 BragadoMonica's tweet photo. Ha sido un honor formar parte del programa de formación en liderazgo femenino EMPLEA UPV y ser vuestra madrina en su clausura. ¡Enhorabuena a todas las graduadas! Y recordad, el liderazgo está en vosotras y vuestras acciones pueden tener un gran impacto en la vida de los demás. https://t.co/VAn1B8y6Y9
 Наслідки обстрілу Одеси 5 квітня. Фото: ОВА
-=-=-=-=-
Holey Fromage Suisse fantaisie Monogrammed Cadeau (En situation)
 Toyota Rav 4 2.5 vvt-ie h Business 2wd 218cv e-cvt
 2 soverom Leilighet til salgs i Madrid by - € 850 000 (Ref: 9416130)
-=-=-=-=-
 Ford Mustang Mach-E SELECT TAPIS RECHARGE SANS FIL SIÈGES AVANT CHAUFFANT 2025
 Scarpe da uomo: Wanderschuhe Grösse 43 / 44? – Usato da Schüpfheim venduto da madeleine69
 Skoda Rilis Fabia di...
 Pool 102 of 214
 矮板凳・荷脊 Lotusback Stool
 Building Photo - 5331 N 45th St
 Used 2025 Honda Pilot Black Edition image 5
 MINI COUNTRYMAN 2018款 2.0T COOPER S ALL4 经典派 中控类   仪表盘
-=-=-=-=-
■ THE PROBLEM:
Look through the material above and print exactly the lines from the one containing "Pool 102 of 214" to the one containing "MINI COUNTRYMAN 2018款", both included, and nothing more.

■ ANSWER BOX:
 Pool 102 of 214
 矮板凳・荷脊 Lotusback Stool
 Building Photo - 5331 N 45th St
 Used 2025 Honda Pilot Black Edition image 5
 MINI COUNTRYMAN 2018款 2.0T COOPER S ALL4 经典派 中控类   仪表盘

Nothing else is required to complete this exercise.